Впрочем, теперь, в собрании сочинений поэта, читатель и сам найдет немало примеров подобных «ауканий» в стихах и прозе Саши Черного.
До сих пор речь шла о дореволюционном периоде творчества Саши Черного. В эмиграции смех его претерпел ряд существенных изменений. И чтобы понять их, придется прежде углубиться в область далекую от сатиры и юмора.
Социальный и общественный слом 1917 года не был случайностью. Произошел колоссальный выброс давно копившейся энергии, обернувшийся для страны и народа хаосом, бессмыслицей и разрухой… Лишь единая идея, скрепившая множество воль, амбиций, чаяний, могла спасти от общенациональной катастрофы. Как известно, такой идеей, своего рода новой религией, стала вера в царство общего благоденствия и справедливости, мечта о коммунистическом рае на земле. Пафос рождения нового мира, которым жили участники Октябрьской революции, по своей сути возвышен и прекрасен. Поверившие в этот идеал готовы были идти до конца, не считаясь с насилием и жестокостью, жертвуя и собственной жизнью во имя счастья, как им казалось, будущих поколений.

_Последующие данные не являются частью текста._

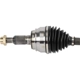 Purchase Top-Quality CARDONE INDUSTRIES - 661430HD - Left New CV Axle Shaft pa9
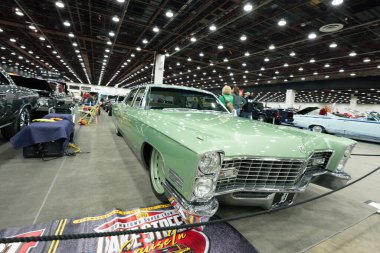 Detroit 'in 73. Geleneksel Otomobil Fuarı 27 Şubat 2026' da Detroit 'teki Huntington Place Cobo Hall' da.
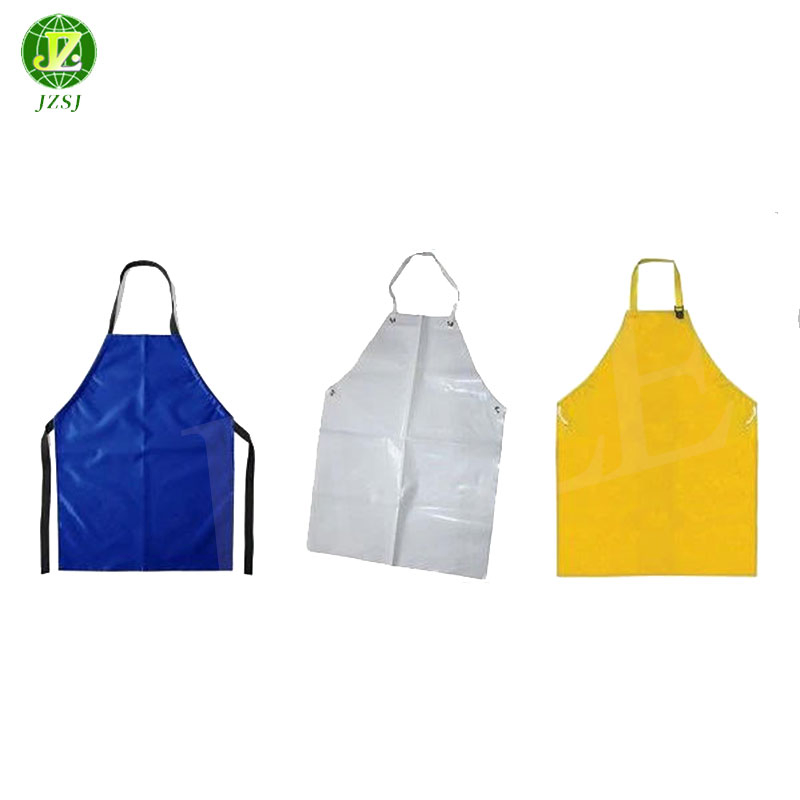 High-Quality Food Processing Industry PVC Chemical Resistant Apron Waterproof Rubber Apron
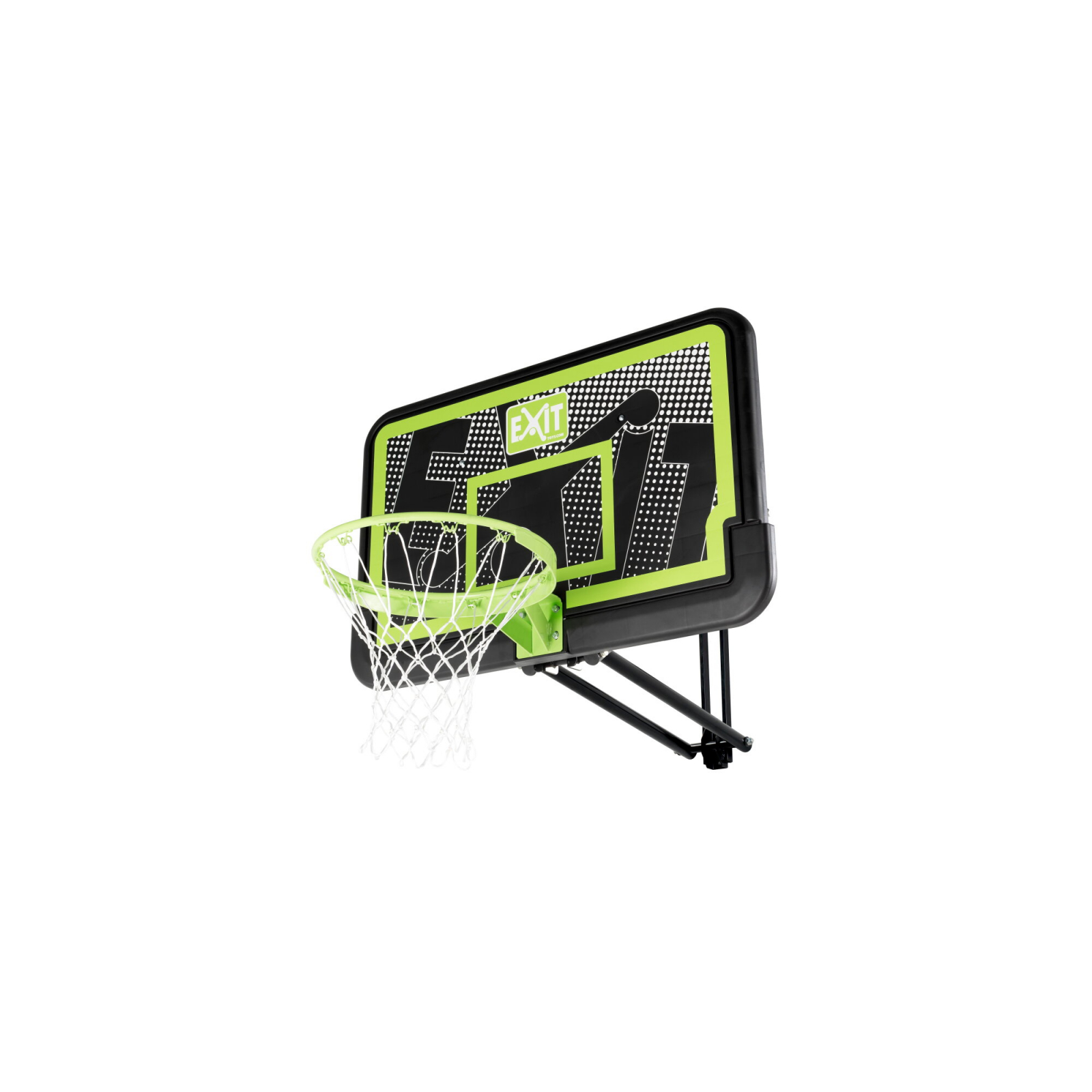 Panou de baschet pentru perete, Galaxy - negru, Exit Toys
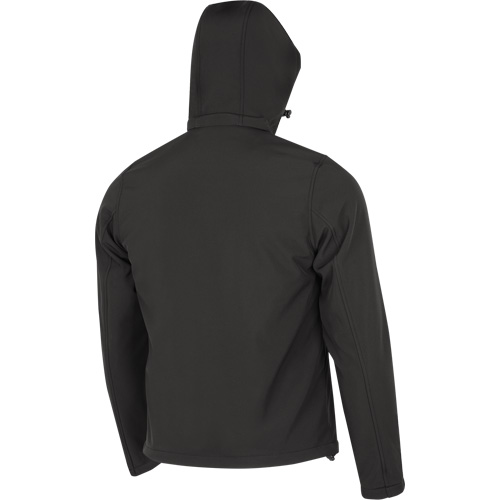 Heated Soft-Shell Jacket, Men's, Small, Black Groupe Belzile Dickner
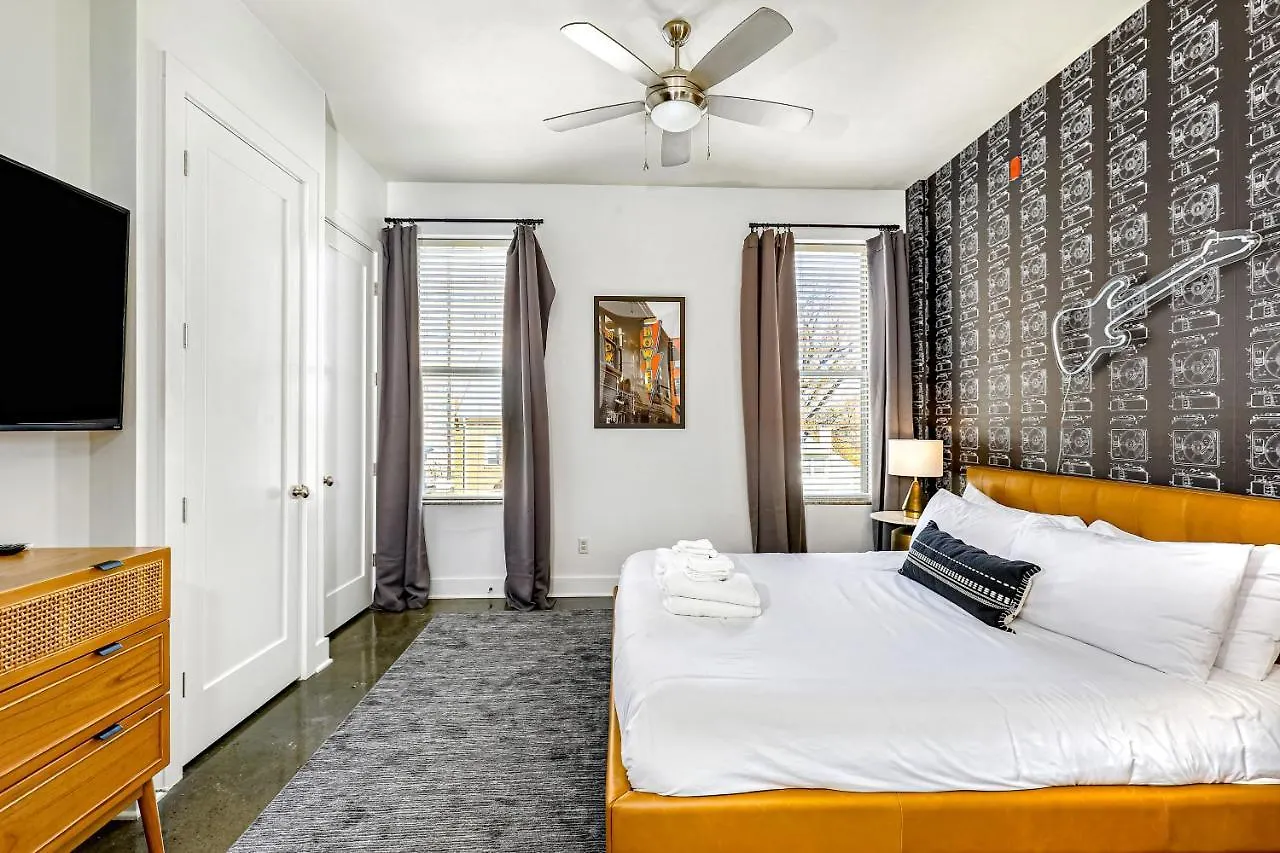 West End Getaway Apartment Nashville 0*,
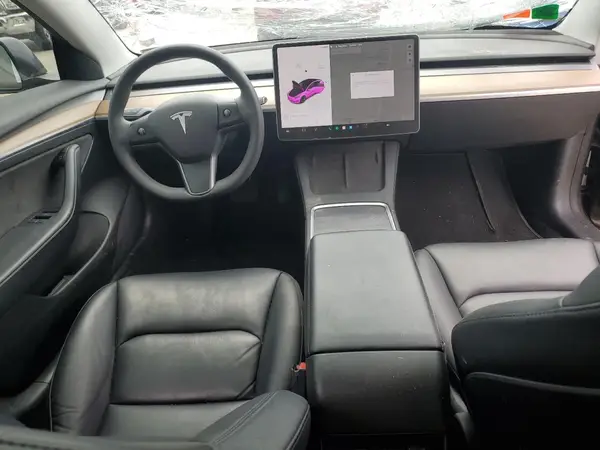 5YJ3E1EAXMF017269 2021 TESLA MODEL 3 - Image 8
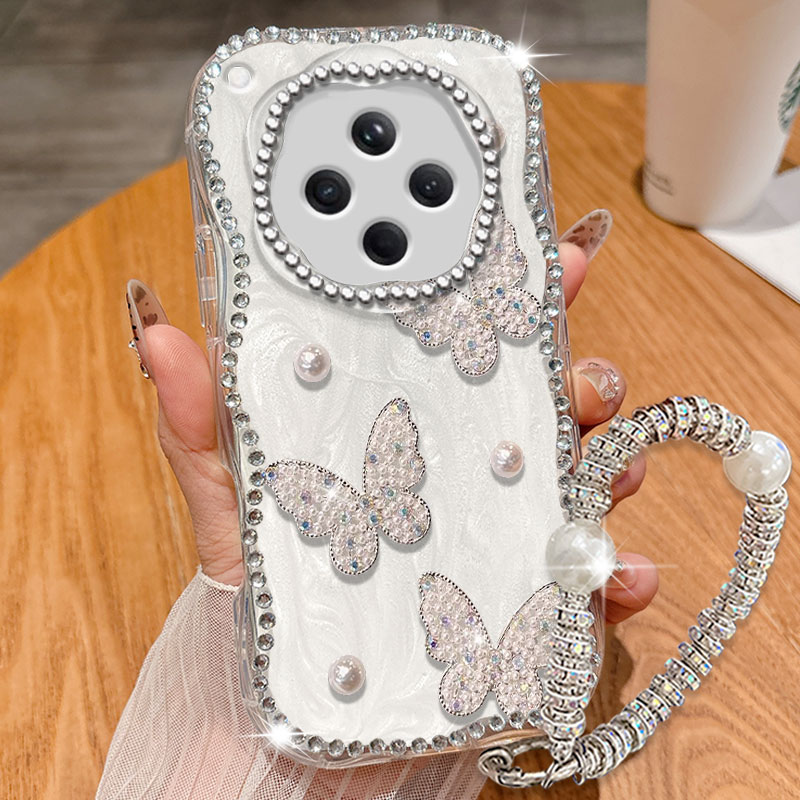 透明珠光白，不掉色，镶钻更高级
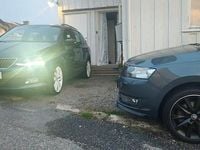 Begagnad Skoda Fabia 90 HK (66 kW) 2017 Kombi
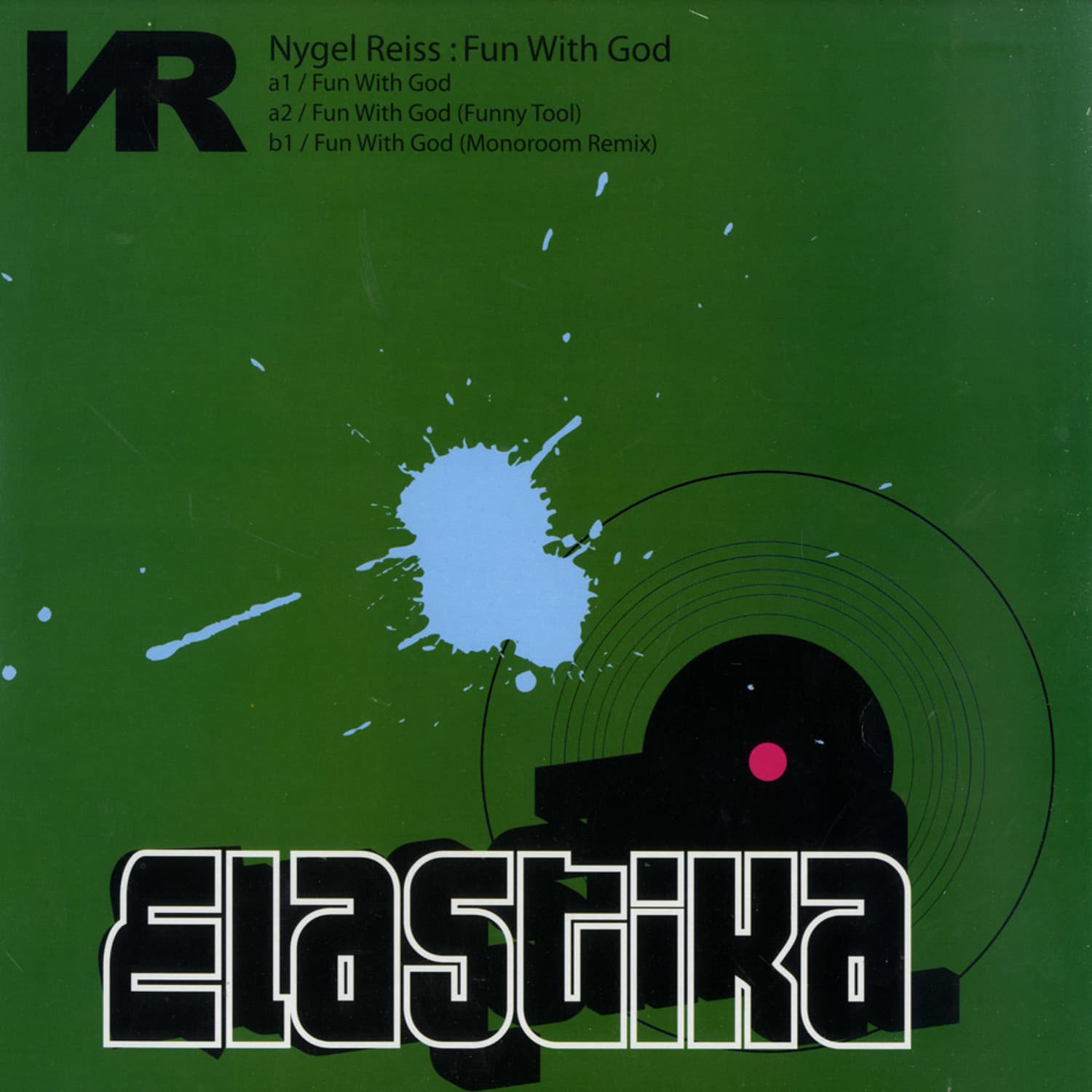 Nygel Reiss - FUN WITH GOD / MONOROOM RMX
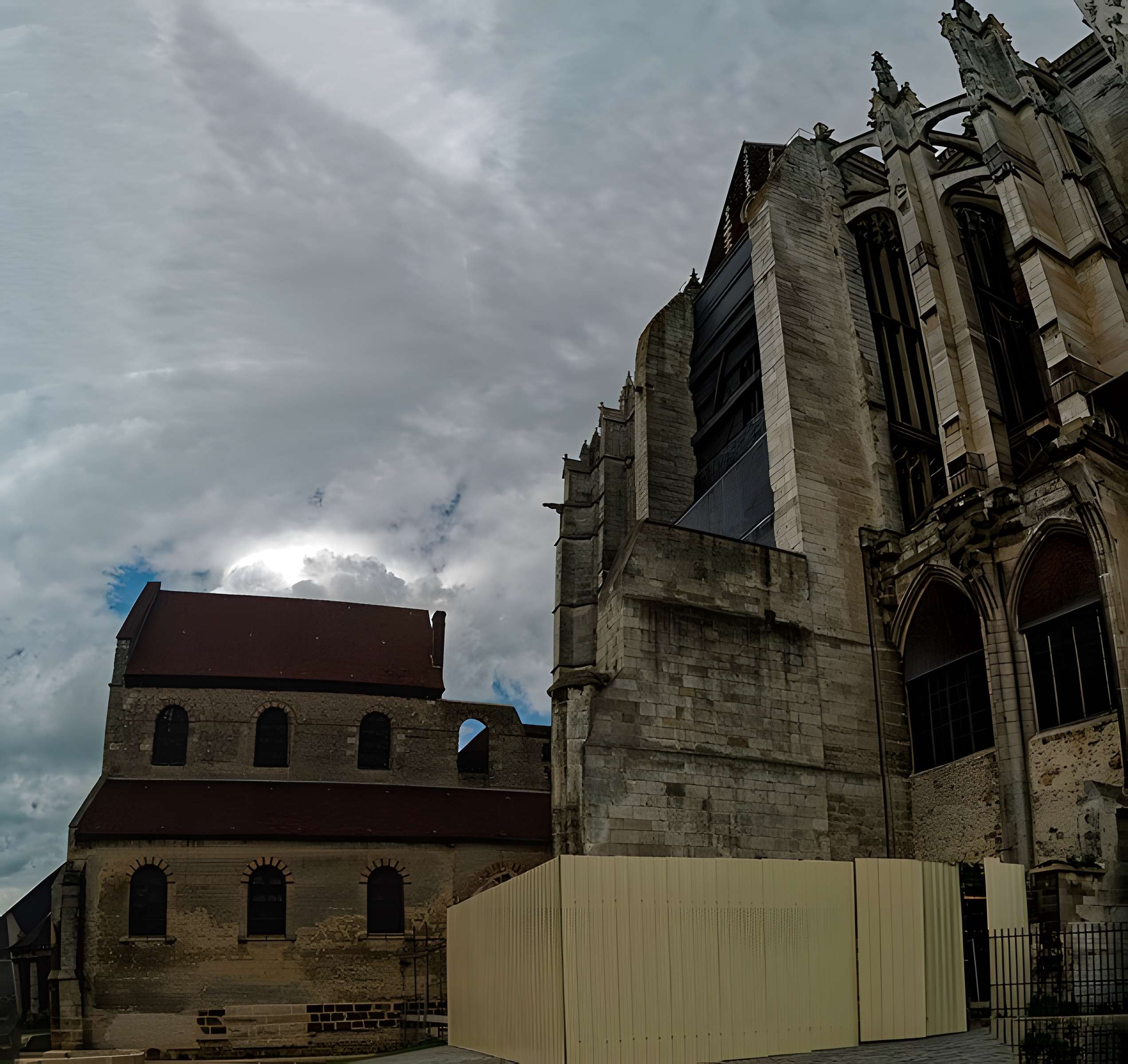 Église Notre-Dame-de-la-Basse-oeuvre de Beauvais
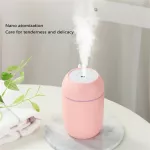 Portable Usb Air Humidifier 260ml Ultrasonic I L Difr Cool Mist Ifier Therapy For Car Home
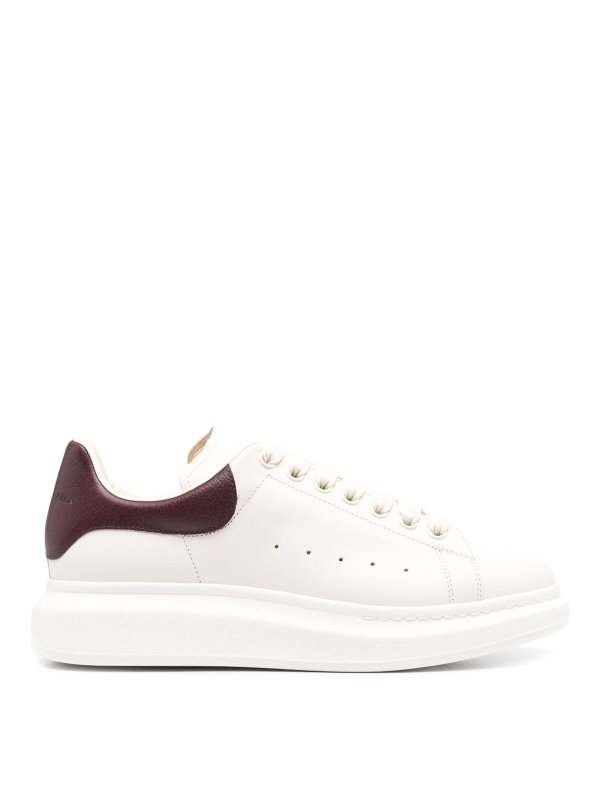 ALEXANDER MCQUEEN: Sneaker - Sneaker - Weiß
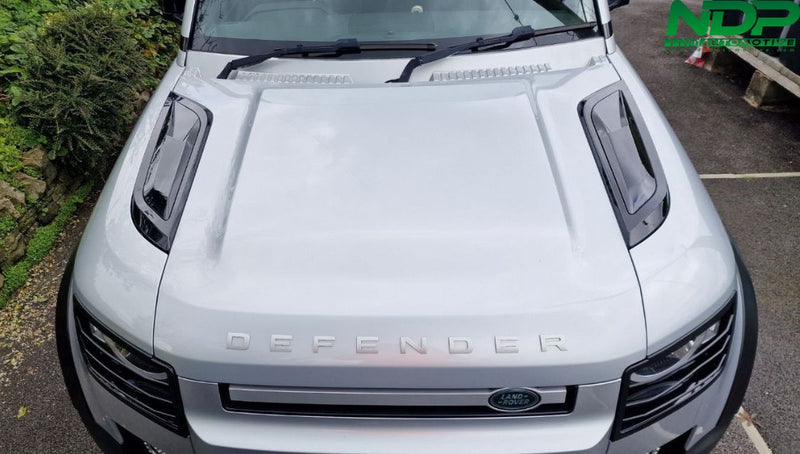 BONNET INSERTS - FITS 2020+ DEFENDER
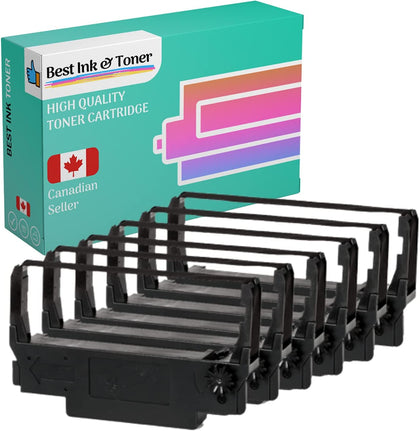 Ruban noir compatible avec Epson ERC-30/34/38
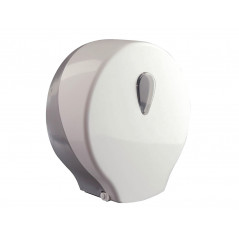 Dispensador papel higienico dahi jumbo abs color blanco 326x304x125 mm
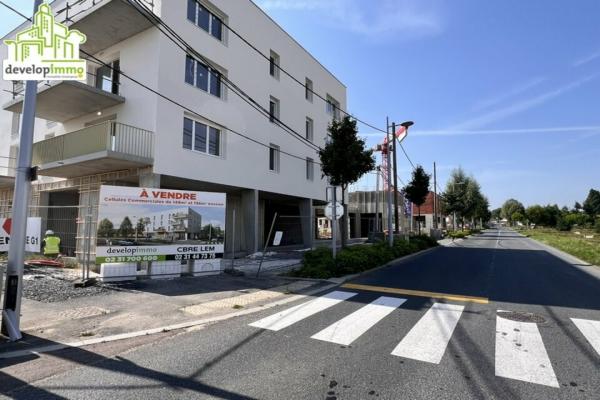 TRAVAUX EN COURS A vendre Bureaux / local commercial EPRON - Vente et location de locaux et bureaux en Normandie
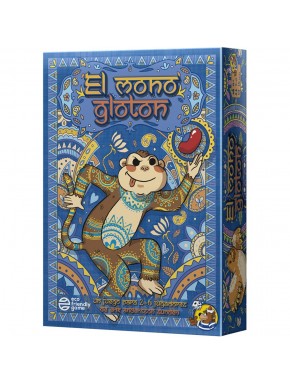 Caixa do jogo de cartas O Macaco Guloso
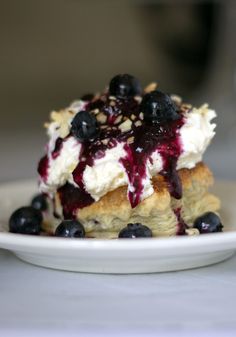 Blueberry Shortcake 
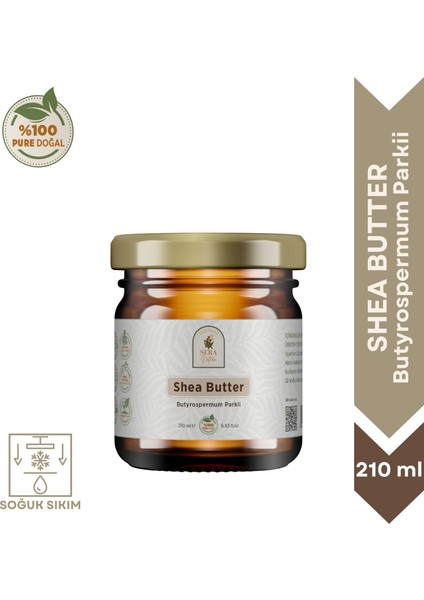 Shea Butter Yağı 210 Ml. %100 Saf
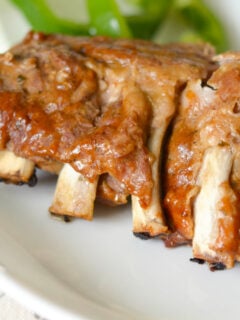 Slow Cooker Baby Back Ribs Photo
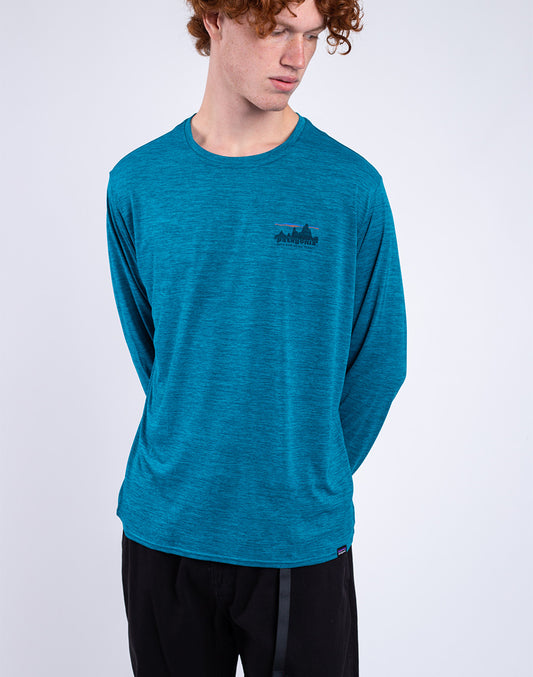 M's L/S Cap Cool Daily Graphic Shirt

Так почему же Саша Черный, известный своими демократическими убеждениями, приверженностью к любви и добру, стал ярым противником благого, в сущности, деяния и чистых помыслов? Смею думать, что решающую роль в выборе поэта, избравшего когда-то псевдоним «Сам-по-себе», сыграл индивидуализм. Деятели Октября мыслили космическими, общегуманными, отвлеченными категориями. На фоне борьбы за великое дело страдания и гибель отдельной личности были для них несущественны. Любовь к человечеству нередко оборачивалась бесчеловечностью в частных случаях. Для Саши Черного путь к добру начинался не с отвлеченного, а с конкретного человека. Ничем он не мог оправдать несправедливость и проявления зла. Этот нравственный максимализм восходит к Достоевскому, не пожелавшему простить даже пролитой «слезинки ребенка».
Речь не о том, на чьей стороне правота, — это отдельный, сложнейший и едва ли разрешимый вопрос. Важно уяснить, что неприятие соборного, коллективного счастья явилось одним из решающих факторов, приведших Сашу Черного, как и многих субъективно честных представителей российской интеллигенции, в белогвардейский стан, в число непримиримых врагов советской власти.
Изменился не Саша Черный — он-то остался верен старым идеалам — кардинально изменились обстоятельства жизни и, соответственно, адресаты его сатир. За рубежом они как бы раздвоились.
С одними все вроде бы просто и ясно. Это — «красные скифы», принесшие лихо на родную землю, пытающиеся утвердить там красноказарменный режим. В первую очередь, сатирик обрушивал свой гнев на вождей пролетарского государства. Затем — на их сообщников на фронте культурного обновления, полностью разделяющих коммунистическую идею, таких, как Луначарский, Горький, Маяковский, Демьян Бедный… Уничижительных реплик удостаиваются и те собратья по перу, кто после некоторых колебаний примкнул по тем или иным соображениям к победителям. Пуще всего разделывается он с теми «переметными сумами», с которыми еще недавно был связан приятельскими узами, — с А. Толстым, Василевским (He-Буквой)… По его убеждению, «сменившие вехи» были прямыми наследниками Игнатия Лойолы — предводителя иезуитского ордена. Достается также главам европейских держав, пытающимся наладить дипломатический и торговый флирт с СССР. Даже просто сотрудничество с «людоедским режимом» Лиги наций или Ф. Нансена вызывало желчную отповедь Саши Черного. Недоумением, горечью, болью дышат его слова, обращенные к европейским знаменитостям, таким, как Г. Уэллс или Б. Шоу, которые с заинтересованной симпатией следили за революционными преобразованиями в Советской России. И подлинно: что может, собственно, понять «семидневный Одиссей», увидев красную новь сквозь «розовый монокль»?!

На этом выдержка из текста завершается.